Tuttavia, questa strategia non è priva di rischi: l’Albania è un candidato all’ingresso nell’Unione Europea, e un eccessivo avvicinamento a potenze non allineate con Bruxelles potrebbe complicare il percorso di adesione.

Implicazioni per l’Albania e oltre

La nascita dell’Istituto Conservatore albanese arriva in un momento cruciale.

Le elezioni parlamentari del 2025 si avvicinano, e il PD, nonostante le difficoltà interne, resta una forza competitiva contro i socialisti di Edi Rama.

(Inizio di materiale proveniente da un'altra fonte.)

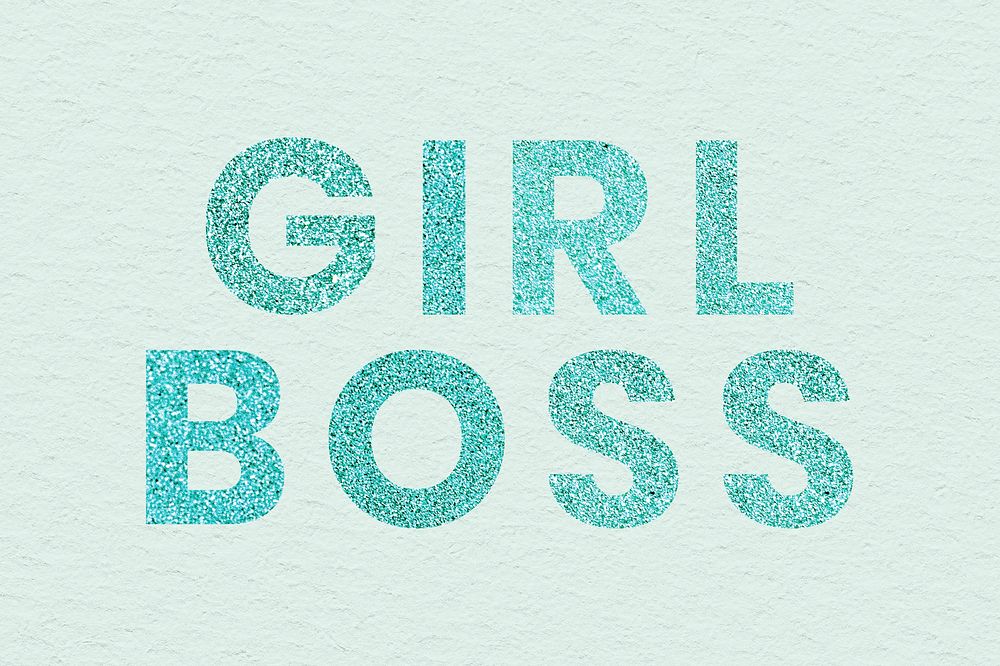 Sparkly Girl Boss aqua blue word typography background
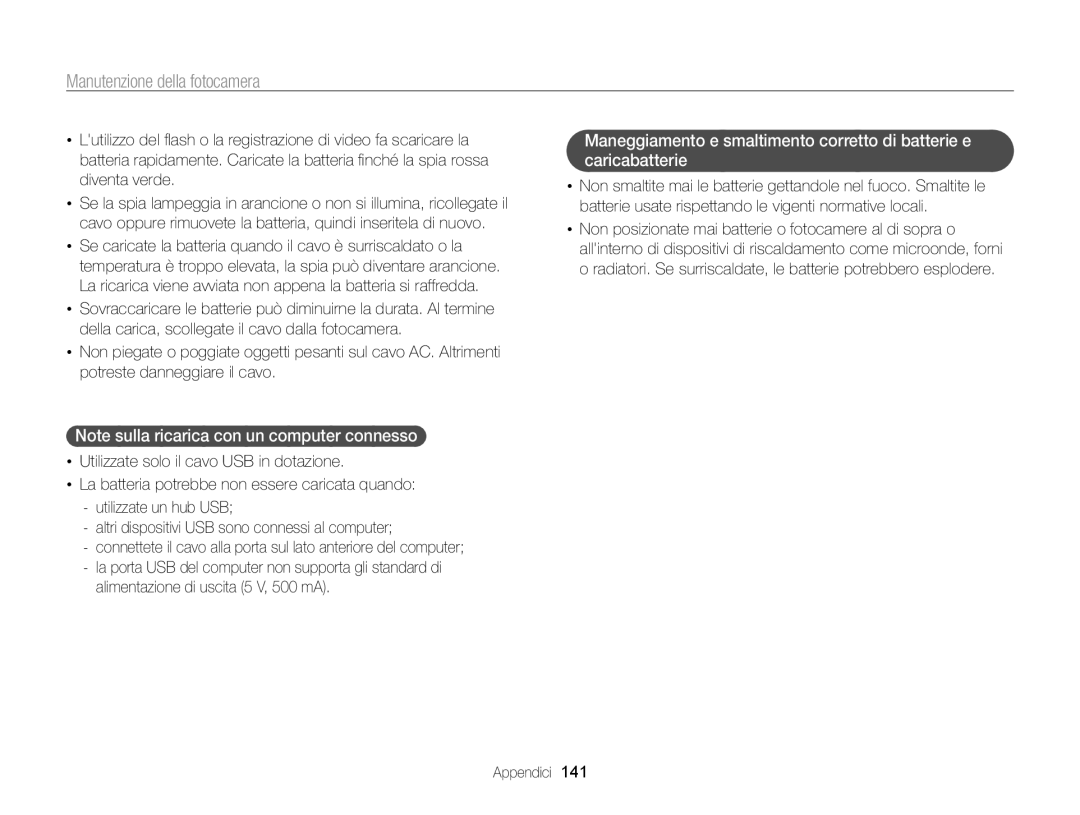 Samsung EC-SH100ZDPBME, EC-SH100ZBPBE1, EC-SH100ZDPSME, EC-SH100ZBPSE1, EC-SH100ZDPRME manual Manutenzione della fotocamera 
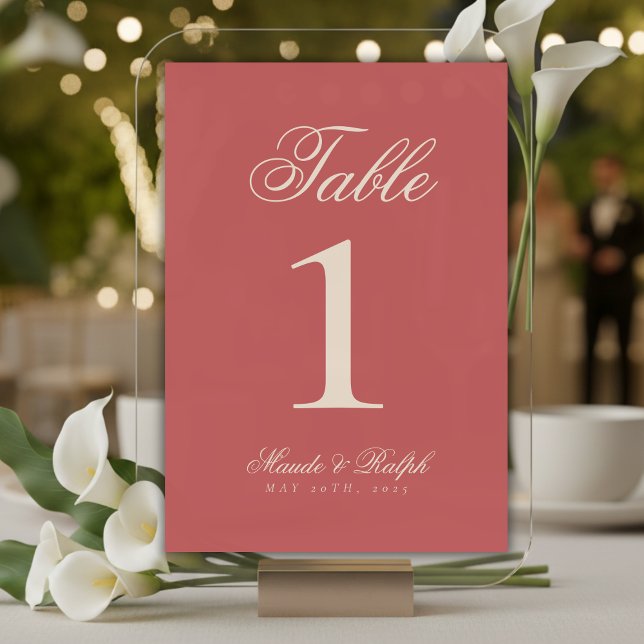 Einfache moderne Alt-Geld-Rose Hochzeit Tischnummer (Guide guests to their seats with sophistication using these Simple Modern Old Money Table Numbers!)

Il Think-Tank potrebbe fornire al centrodestra albanese un’arma ideologica per mobilitare l’elettorato, specialmente nelle aree rurali e tra chi è critico verso la globalizzazione e l’influenza occidentale. Temi come la difesa della famiglia tradizionale, il controllo dei confini e la resistenza alla “wokeness” – mutuati dal dibattito conservatore internazionale – potrebbero trovare terreno fertile in un Paese con una forte identità culturale.

A livello internazionale, il progetto riflette una tendenza più ampia: la crescente internazionalizzazione dei movimenti conservatori. Dall’Ungheria al Regno Unito, passando per i Balcani, si sta formando una sorta di “Internazionale conservatrice” che cerca di contrastare l’egemonia progressista.

Per l’Albania, questo potrebbe significare un ruolo più attivo nel dibattito europeo, ma anche il rischio di polarizzare ulteriormente una società già divisa.

Resta da vedere se l’Istituto riuscirà a tradurre queste ambizioni in un impatto concreto.

Per ora, il suo lancio è un segnale chiaro: i conservatori albanesi non intendono restare ai margini, e sono pronti a giocare una partita che va ben oltre i confini nazionali, con alleati potenti e modelli controversi come guida.